■ **TASK INPUT**
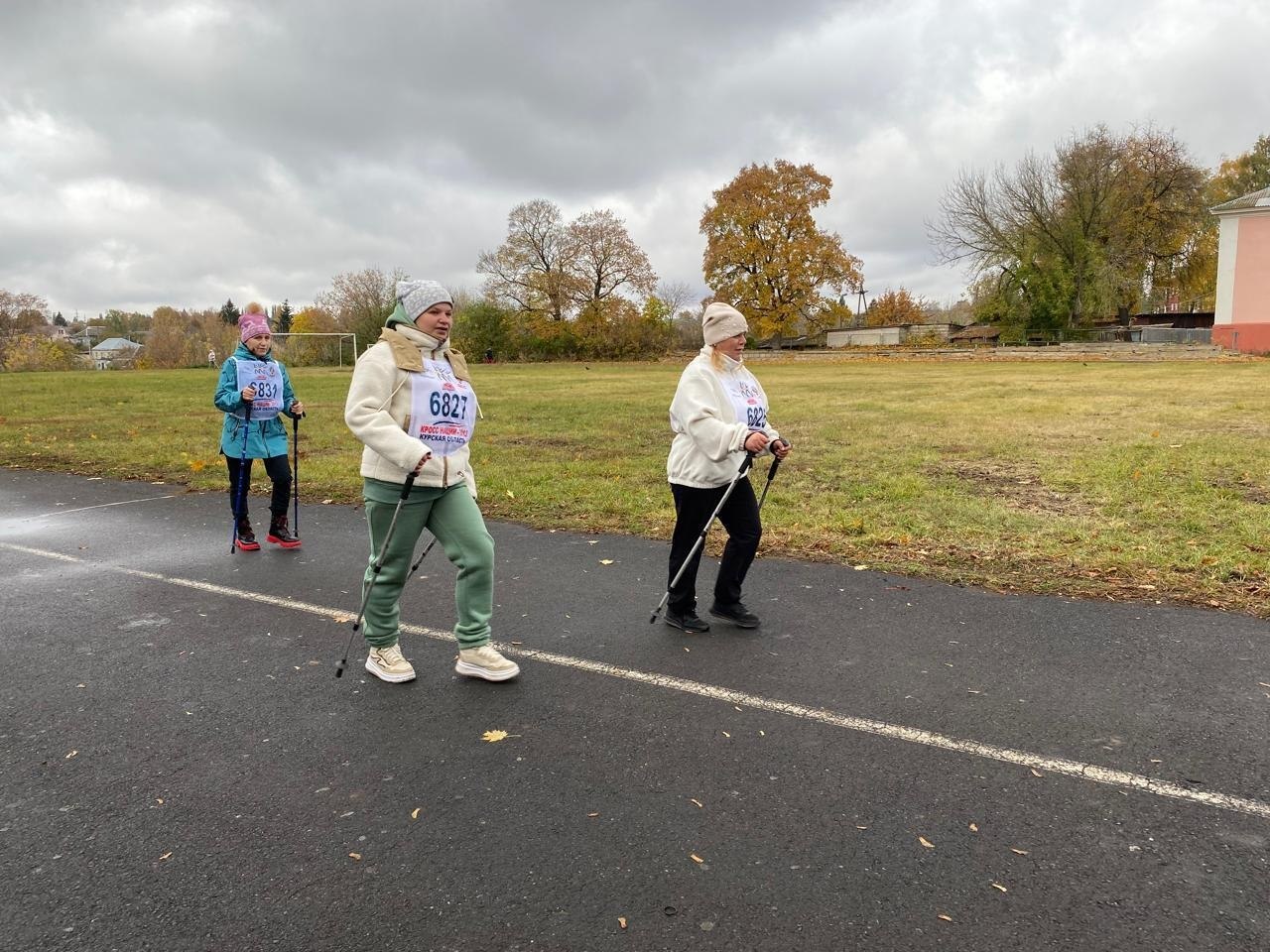 В Щигровском доме социального облуживания прошел осенний кросс, Получатели социальных услуг - участники клуба «Скандинавская ходьба» показали высокие результаты и получили заслуженные награды В Щигровском доме социального облуживания прошел осенний кросс, Получатели социальных услуг - участники клуба «Скандинавская ходьба» показали высокие результаты и получили заслуженные награды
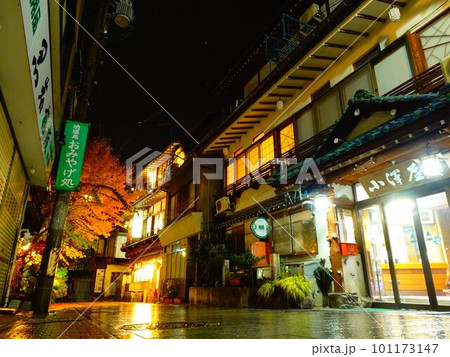 雨降る夜の渋温泉街 101173147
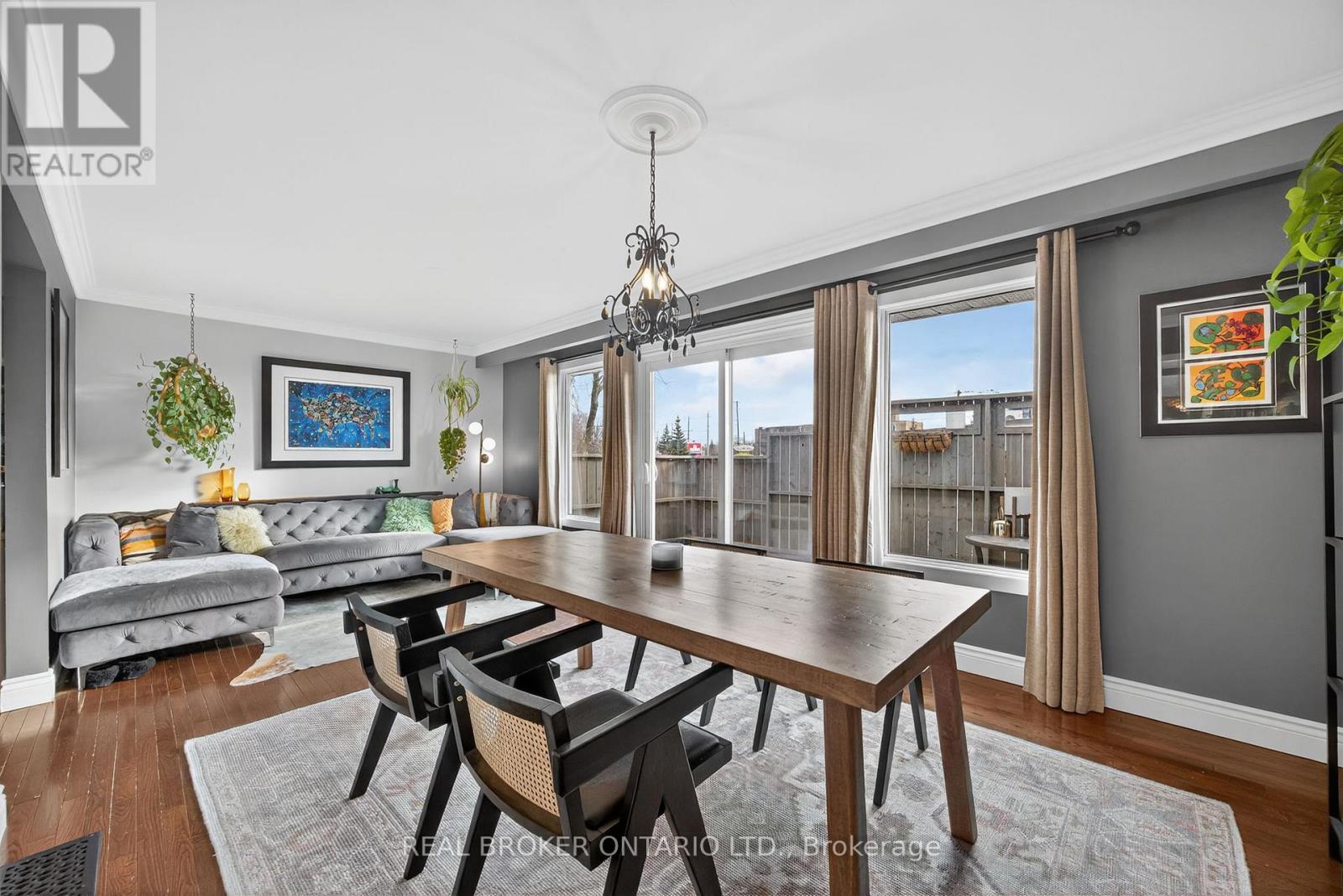 7 Varden Crescent, Barrie, Ontario  L4M 4N8 - Photo 14 - S12597464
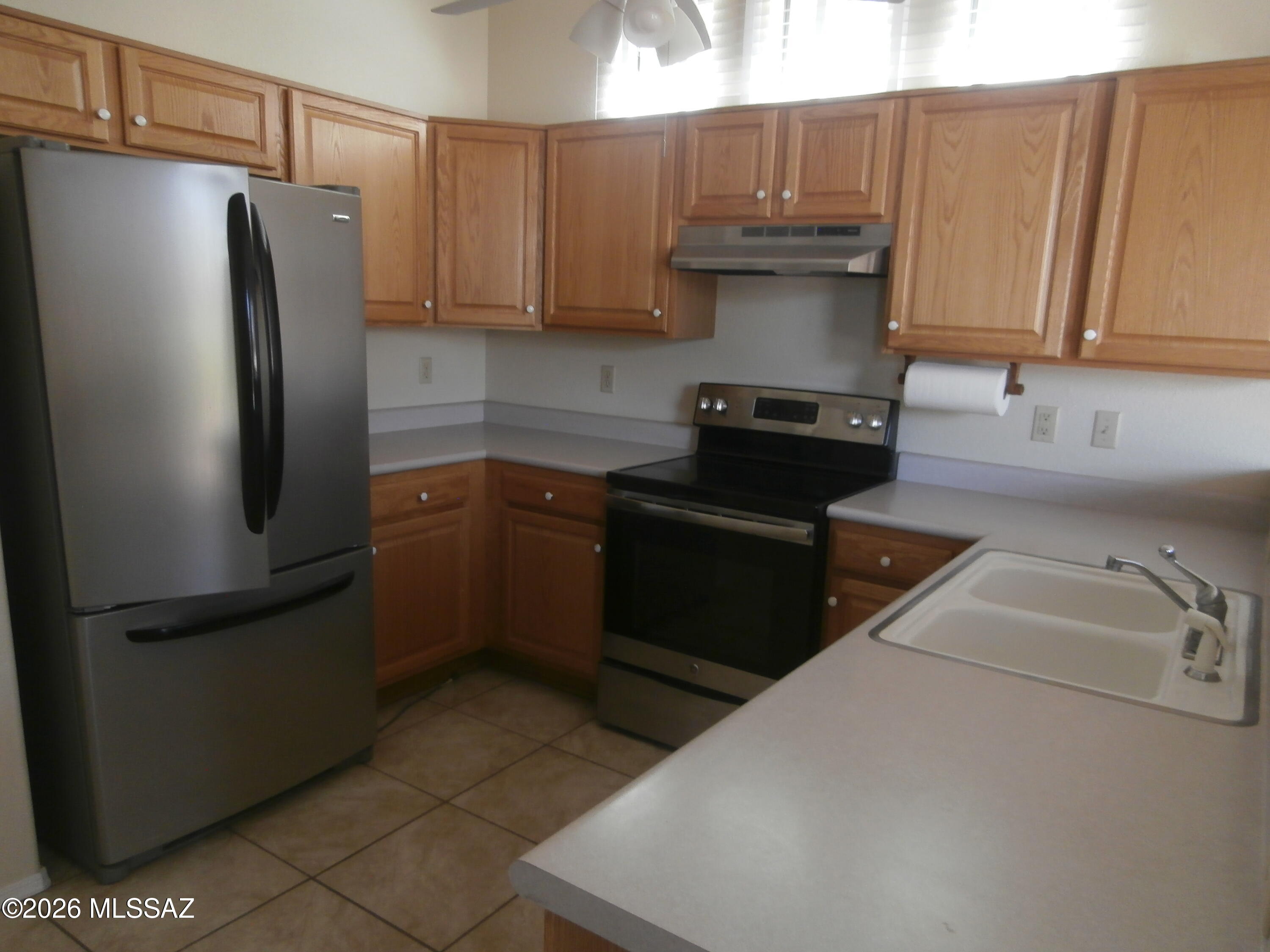 948 West Ashworth Road Green Valley, AZ 85614 - Photo 8 of 21 Kitchen
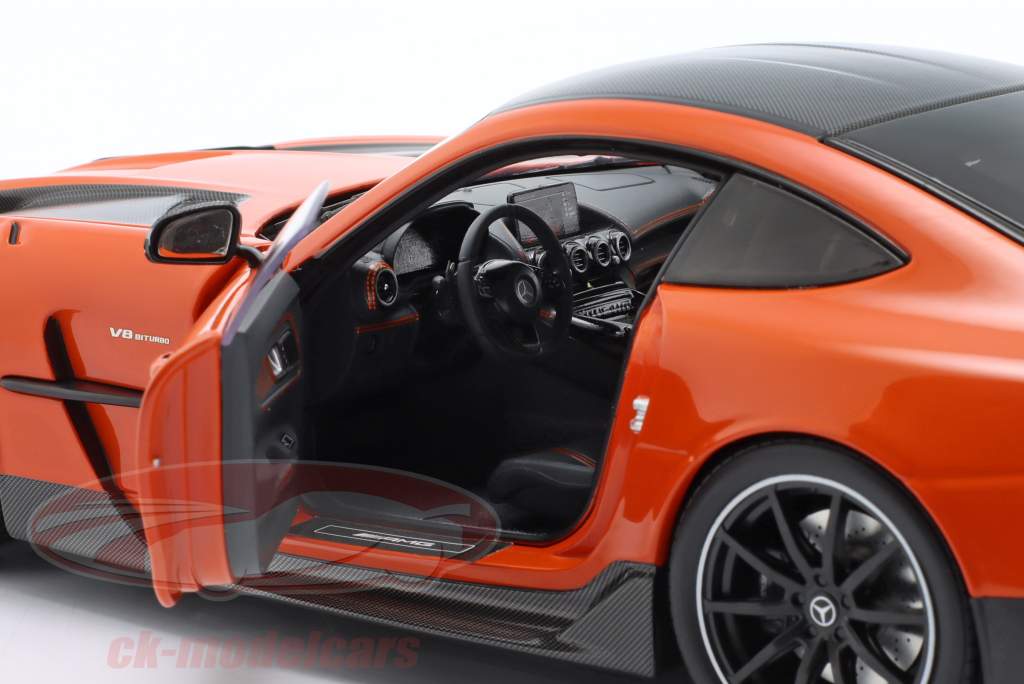 Mercedes-Benz AMG GT Black Series 2021 arancia 1:18 Minichamps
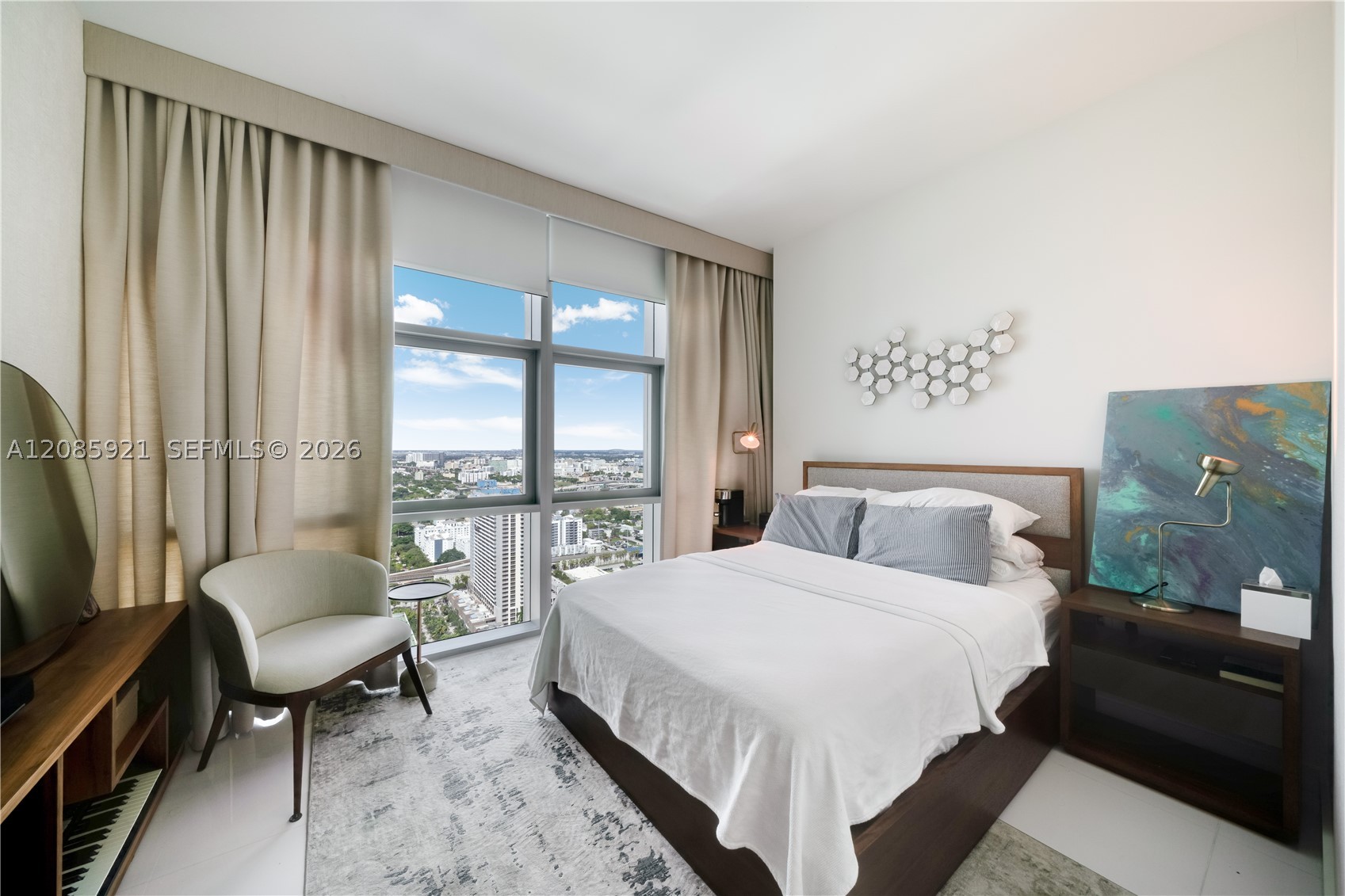 851 NE 1st Ave #3408, Miami FL 33132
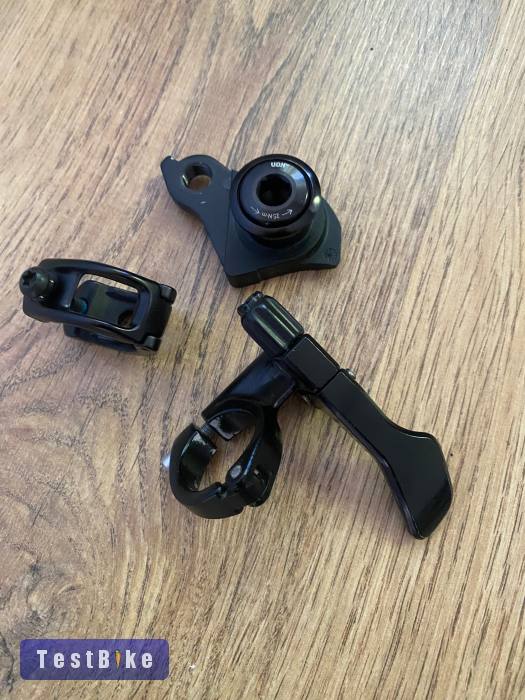 Dropper kar, UDH váltófül, Sram MMX bilincs
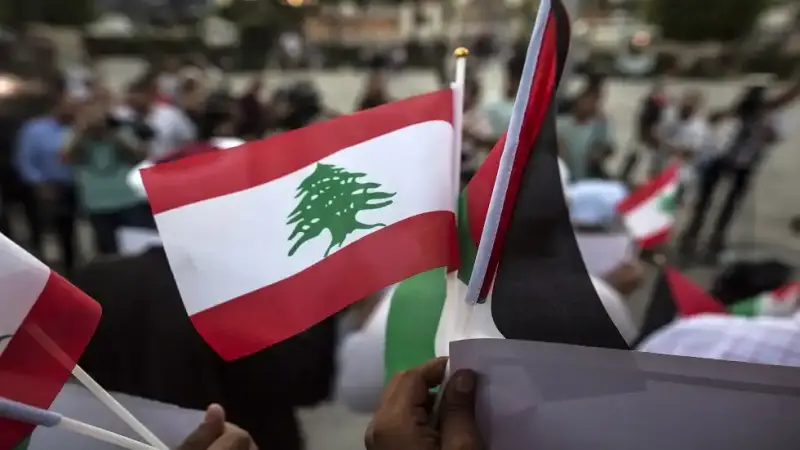 علم لبنان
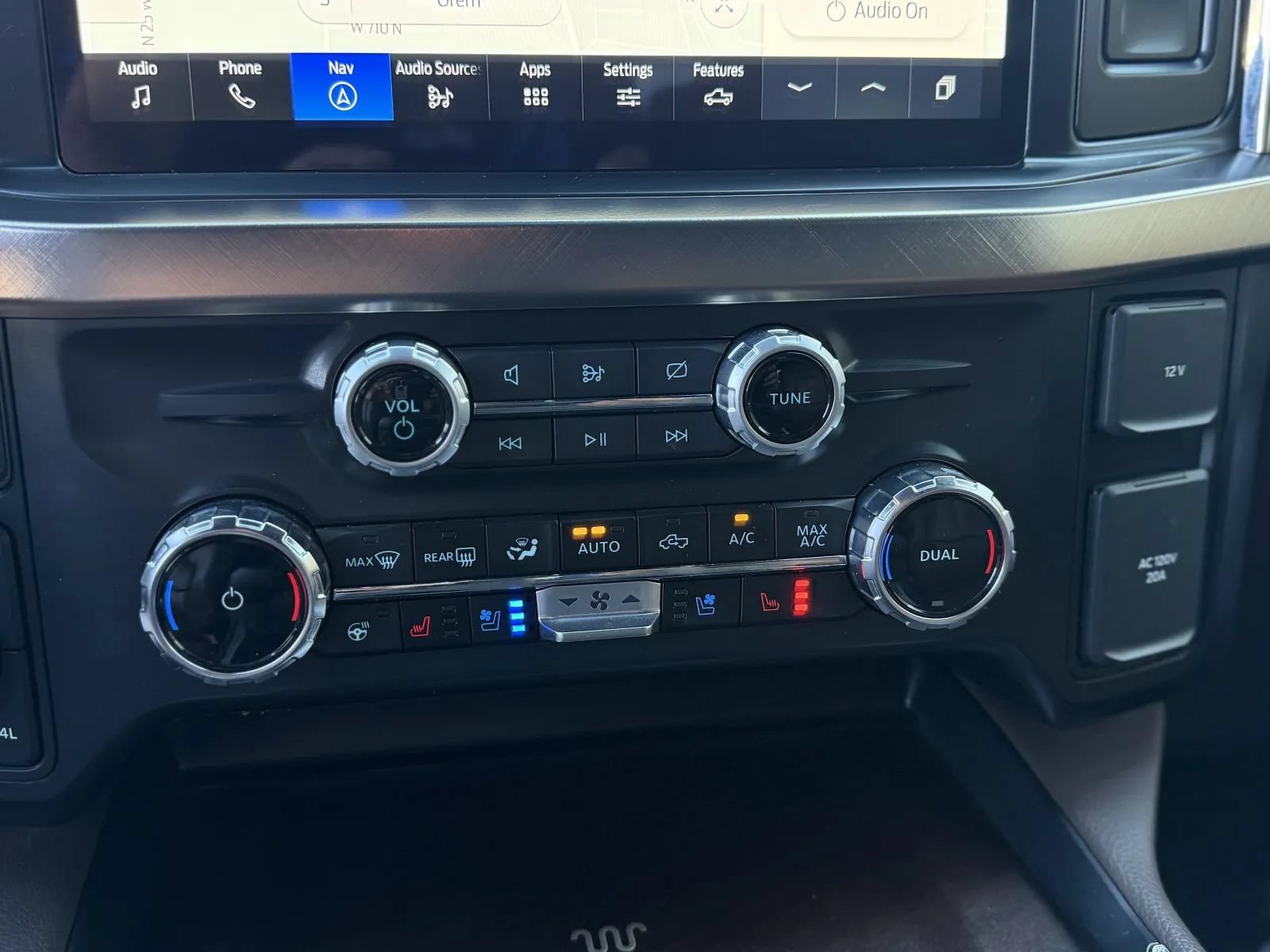 Used 2023 Ford F350 King Ranch w/ Chrome Package AWD/4WD image 40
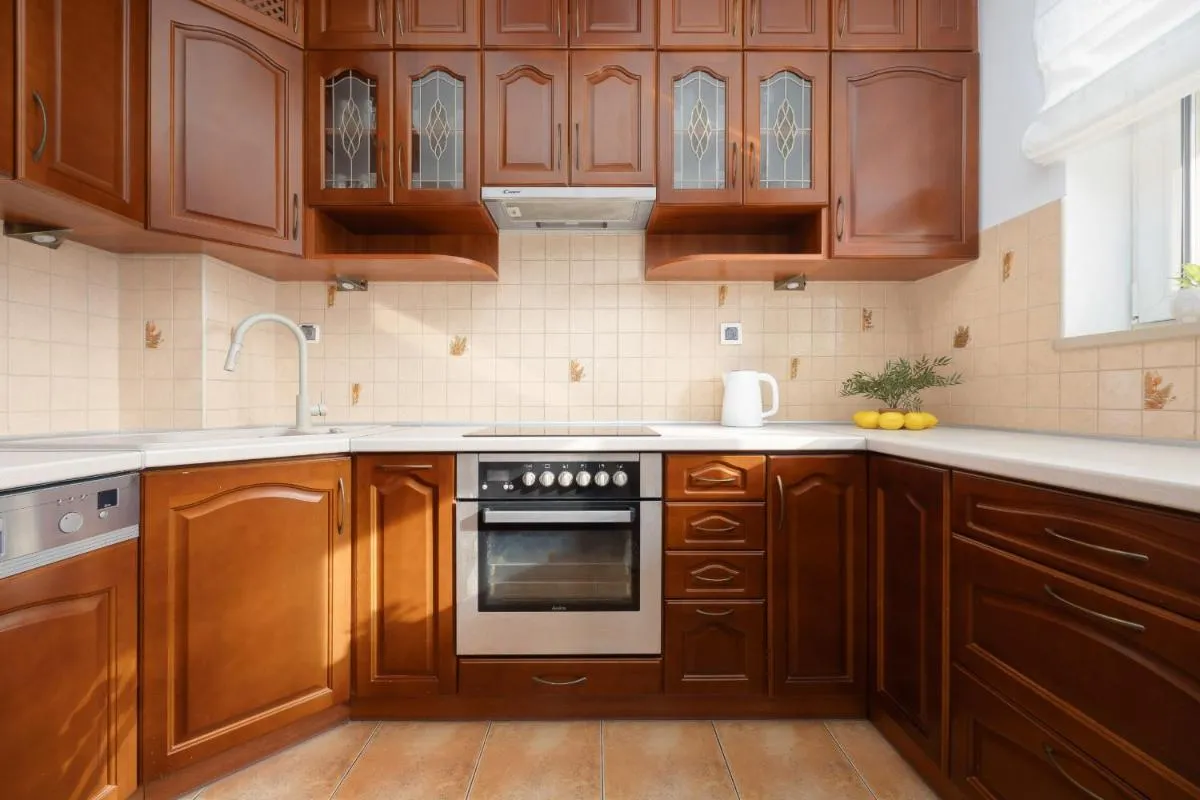 Image 3 of Elegant Apartment with Parking Close to Metro Station by Noclegi Renters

■ **ABOUT THIS EXERCISE**
Find the line with "Used 2023 Ford". Return it and each line after it through the end of the data, exactly, without pictures.

■ **ANSWER TO THE PROBLEM**
 Used 2023 Ford F350 King Ranch w/ Chrome Package AWD/4WD image 40
 Image 3 of Elegant Apartment with Parking Close to Metro Station by Noclegi Renters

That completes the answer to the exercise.